# CS886 Winter09 - Syllabus: Bayesian Data Analysis

## Objectives

Information technologies have given rise to an abundance of data that needs to be analyzed.  While there are many ways to analyze data, Bayesian methods distinguish themselves by their explicit use of probabilities to quantify uncertainty.  Taking into account uncertainty is critical when making predictions, recognizing patterns and drawing conclusions.  The use of probability theory to represent uncertainty leads to conceptually simple methods that are principled, facilitate generalization, tend to be immune to overfitting, can be easily composed for information fusion and facilitate model selection.  However, these benefits come at a price: inference is often computationally complex.

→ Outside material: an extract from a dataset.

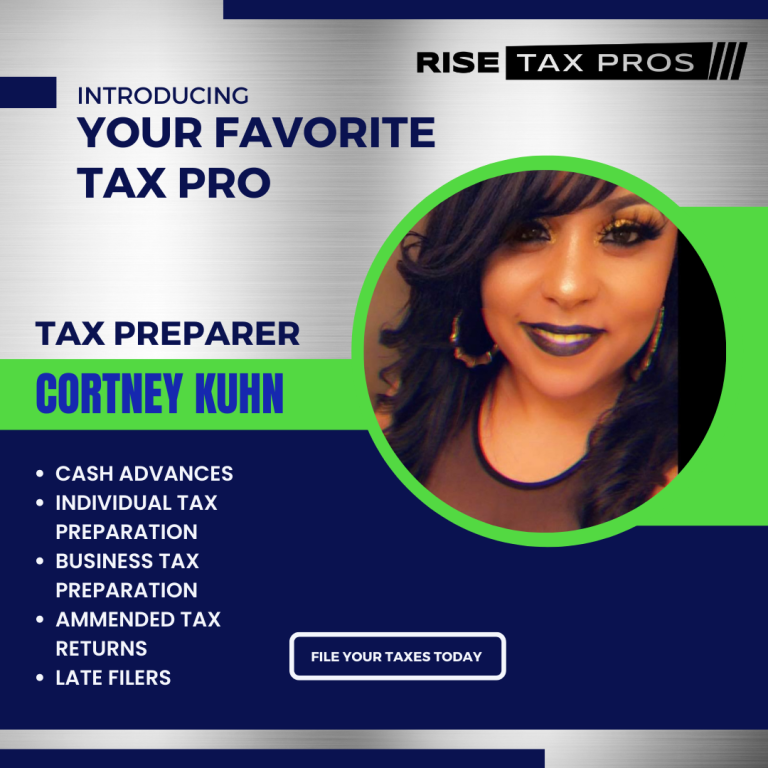 Cortney Kuhn 768x768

This course focuses on the theory of Bayesian learning, models for Bayesian analysis and algorithms for Bayesian inference.  The theory, models and algorithms covered will be of general interest and therefore applicable to a wide range of domains beyond machine learning and computational statistics.  This course should be of interest to researchers in a variety of fields where there is a need to analyze data, including natural language processing, information retrieval, data mining, bioinformatics, computer vision, computational finance, health informatics and robotics.

## References

We will make use of two textbooks with additional readings from selected research papers.  The first textbook is on reserve at the library and the second textbook is available online.
• Gelman, Carlin, Stern and Rubin (2004), Bayesian Data Analysis, 2nd edition
• Rasmussen and Williams (2006), Gaussian Processes

## Outline

Topics:

1. Basics of probability theory, machine learning and statistics
• Inference
• Generalization
2. Models
• Single and multi-variate models
• Bayesian networks
• Second-order models (i.e., distributions over distribution parameters)
• Infinite models
• Gaussian process
• Dirichlet process
• Hierarchical models
• Non-parameteric models
3. Prior construction
• Conjugate priors
• Informative and non-informative priors
• Hierarchical priors
4. Inference (for learning and predictions)
• Bayes' theorem
• Exact inference with conjugate distributions
• Approximate inference with Markov chain simulation
5. Model checking
Applications domains:
1. Natural language processing and Information retrieval
• Latent semantic analysis
• Topic modeling
2. Machine Learning and Bioinformatics
• Model selection
• Kernel learning
3. Computer vision
• Scene analysis
4. Robotics
• Inverse kinematics
5. Control
• Bayesian reinforcement learning
6. Health informatics
• Experimental design
7. Computational finance
• Time-series analysis
8. Data mining